# MotoMaster Manual Fluid Extractor, 6.5 L ( should i get this?)



## tonyvancity (Jan 2, 2017)

I am thinking of either paying a mechanical shop to do a simple Drain and refill my automatic ' 06 Xtrail transmission fluid. Last time i did that i got a decent deal /discount thru my automotive related work connections. That was $80, but i no longer have that option. I am thinking, an average drain/refill/keep existing tranny filter/ would cost me on average about $100-120. I was searching the online forum on here and somebody mentioned they use a oil /tranny fluid extractor, no need to go under the truck and drop the tranny pan. From what i read previously, only dropping the tranny pan will only drain half the transmission fluid. So, i googled '' manual fluid extractor'' and i found one on sale at Canadian Tire for $100 ( reg. was $125). Basically it is just a reverse vacuum pump , suction tube, drain tube, 6.5L container . So what i'm thinking, is if i buy this device, i guess i could do my own tranny/oil changes at home in my driveway, avoid the engine/tranny oil flushes and i could use this extractor on my Xtrail or other vehicles in the future. Just pay for fluids i need to replace and of course i would still go under my vehicles to drain the half liter or so of fluids from the bottom end.....but overall way less potential for messes to clean up and a more effective drain and fill at home. Have any of you guys bought/used/heard of these fluid extractors and what is your opinion? thanks. MotoMaster Manual Fluid Extractor, 6.5 L | Canadian Tire


----------



## X-hale (Apr 17, 2017)

I don't think you'll get any more of the old fluid out than you would just draining it, perhaps less. I usually do a drain and refill, drive it a bit, drain and refill, drive a bit, drain and refill. You can repeat as often as you want. By then almost all the fluid is new and the tiny bit of old stuff mixed in doesn't matter much. A big pail of motomaster tranny fluid is cheap.
You can also drain it by the tranny cooler hose going into the rad. If you start the engine most of the old fluid is pumped out of the passageways inside the tranny. You can add fresh fluid while doing it to clean everything out. Two people helps.


----------



## tonyvancity (Jan 2, 2017)

on the subject of Transmission fluid, 
*Castrol Transmax Import Multi-Vehicle Automatic Transmission Fluid*

Part #: CAS 0067266
$8.98 / each per liter at Home Depot. ca. .....i believe i need 6 liters ? NAPA price was next best at 
$10.34
/Each


----------



## tonyvancity (Jan 2, 2017)

X-hale said:


> I don't think you'll get any more of the old fluid out than you would just draining it, perhaps less. I usually do a drain and refill, drive it a bit, drain and refill, drive a bit, drain and refill. You can repeat as often as you want. By then almost all the fluid is new and the tiny bit of old stuff mixed in doesn't matter much. A big pail of motomaster tranny fluid is cheap.
> You can also drain it by the tranny cooler hose going into the rad. If you start the engine most of the old fluid is pumped out of the passageways inside the tranny. You can add fresh fluid while doing it to clean everything out. Two people helps.

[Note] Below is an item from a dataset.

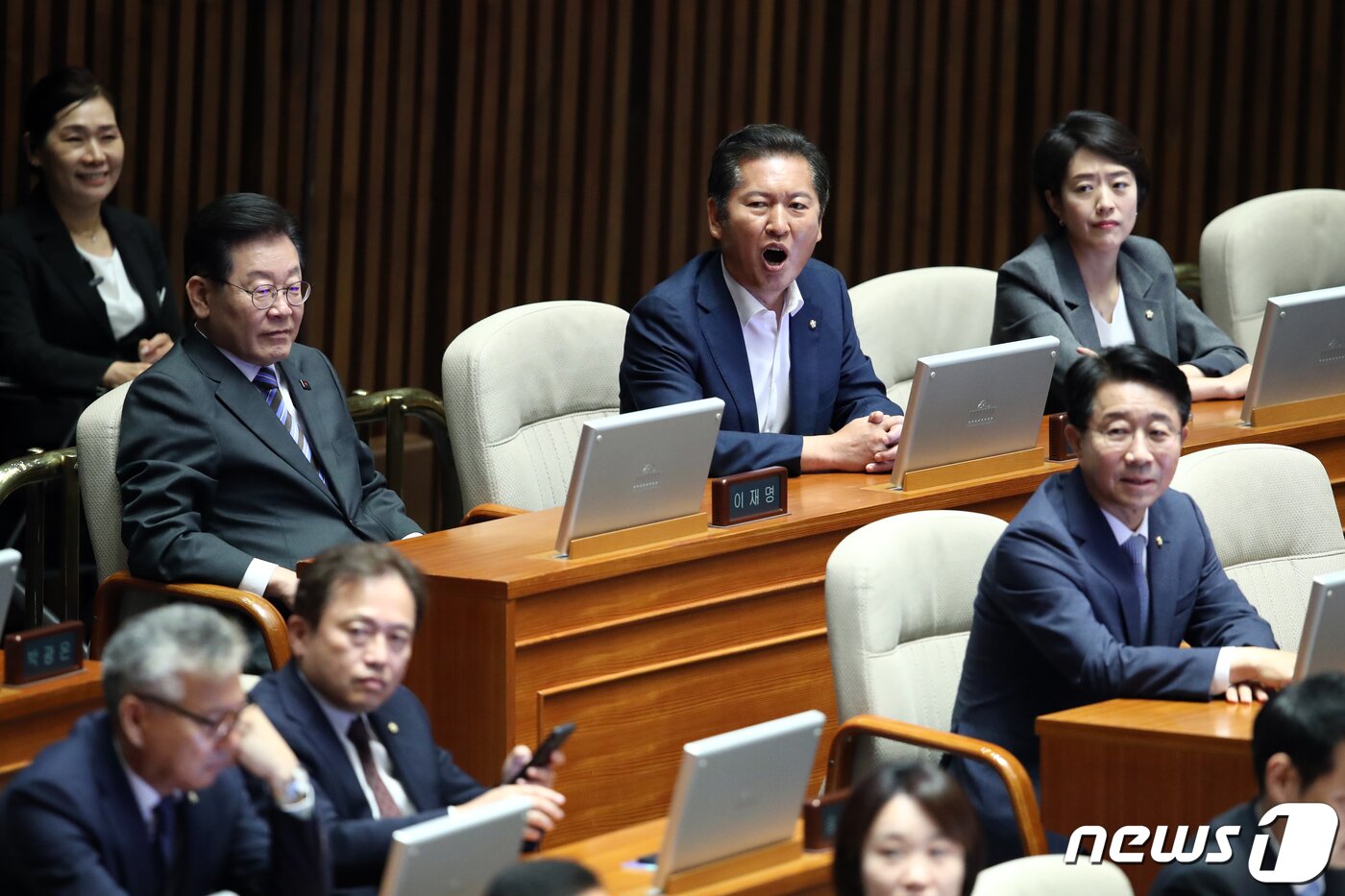 본문 이미지 - 정청래 더불어민주당 의원이 20일 오전 서울 여의도 국회에서 열린 제407회 국회(임시회) 제5차 본회의에서 김기현 국민의힘 대표의 국정에 관한 교섭단체 대표연설에 항의하고 있다. 2023.6.20/뉴스1 ⓒ News1 황기선 기자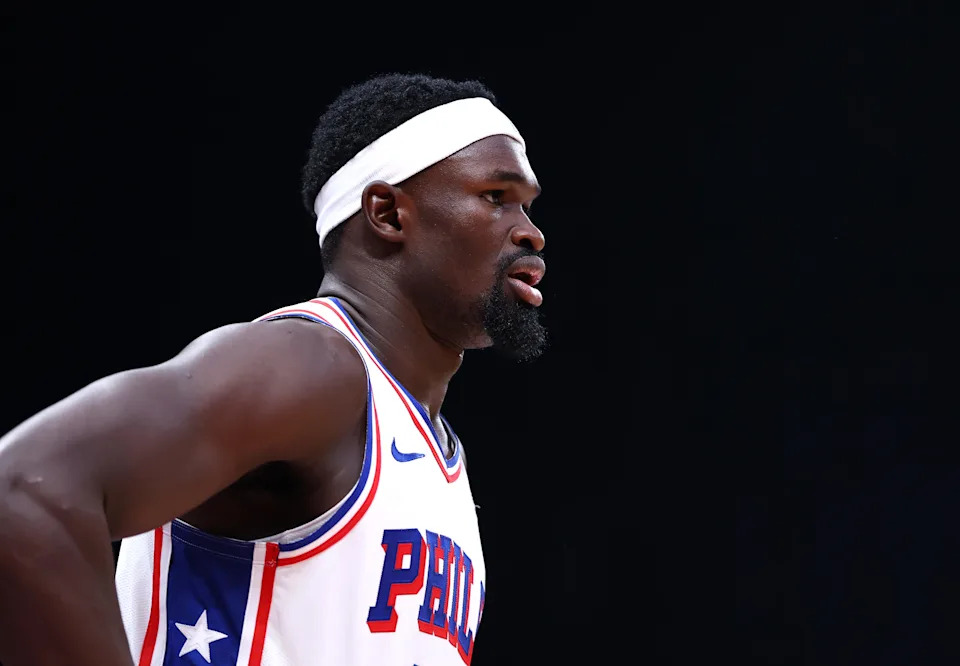 ABU DHABI, UNITED ARAB EMIRATES - OCTOBER 02: Adem Bona #30 of Philadelphia 76ers looks on during a preseason game between Philadelphia 76ers and New York Knicks on October 02, 2025 in Abu Dhabi, United Arab Emirates. (Photo by Francois Nel/Getty Images)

but i often read stuff like this online : '' When changing your transmission fluid, you open the transmission drain located on the underside of the car. This allows about 40% to 50% of the transmission fluid to drain out into the pan. The other 50%-60% of the fluid remains in the torque converter and other parts of the transmission. ''---So i am a bit confused. Would the extractor pump get 90% of the tranny fluid out or would there still be %50-60 fluid still in the torque converter even if the extractor used? My other question is, is it not possible to go under my Xtrail and back off a transmission drain plug versus unbolting the entire transmission pan ? i'm starting to recall why i paid a shop a few years ago to drain and fill my traNsmission.


----------



## tonyvancity (Jan 2, 2017)

hmmm..ok, seems like the extractor pump will not get the fluid out of the torque converter. Perhaps all things considered, maybe it be best to spend a bit more and pay for a transmission Flush. That seems to be the proper way to remove all the old tranny fluid in a one shot deal and not having to just Drain, fill, drain, fill , drain, fill till the final fill is clean. Transmission Flush vs Fluid Change | Transmission Repair Guy


----------



## quadraria10 (Jul 6, 2010)

There were posts about how to get the fluid out of the torque convertor. I never did as I figured it was a procedure with more potential to mess up. Come to think about it, I think Otomodo wrote a bit of a how-to. Drain and fill is the easiest. I always used the same Castrol multi for Japanese imports, though last time I did it, I used the Castrol Transmax Full Synthetic. For some reason, my local Wal-Mart was clearing it out for $4 per quart bottle, so I checked if it would be ok to use and then scooped up the last 5 bottles. I think Costco also carries it at a fairly low price.


----------



## tonyvancity (Jan 2, 2017)

thanks to all for advice, but i think for now i do the simple and cheap(er) method of removing the tranny pan Bolt and let whatever old dirty fluid amount drain into a container. I believe that might be only 3 liters or so. Maybe after a bit more online and in person professional advice, i might fork out the money for a true mechanical shop transmission flush.


----------